Exactly as they stand, repeat the lines from the one containing "Lutherfigur an der Domkanzel" through the final line of the listing, both ends included, and nothing else; skip the pictures.

> **PROVIDED DATA**
↓
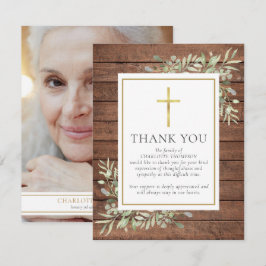 Tarjeta De Agradecimiento Cristianismo Fotografía Funeral Vegetación Madera 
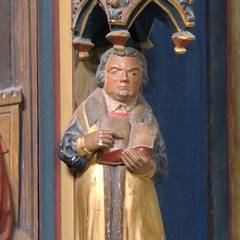 Lutherfigur an der Domkanzel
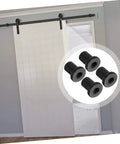 4 Pack Barn Door Track Spacers For Sliding Doors Heavy Duty Iron Connector Assemblies Wall Support Track Replacement Hardware Durable Anti Corrosion Spacer Kit For Easy Setups installed on door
↑
> **OUTPUT FOR THIS TASK**
 Lutherfigur an der Domkanzel
 4 Pack Barn Door Track Spacers For Sliding Doors Heavy Duty Iron Connector Assemblies Wall Support Track Replacement Hardware Durable Anti Corrosion Spacer Kit For Easy Setups installed on door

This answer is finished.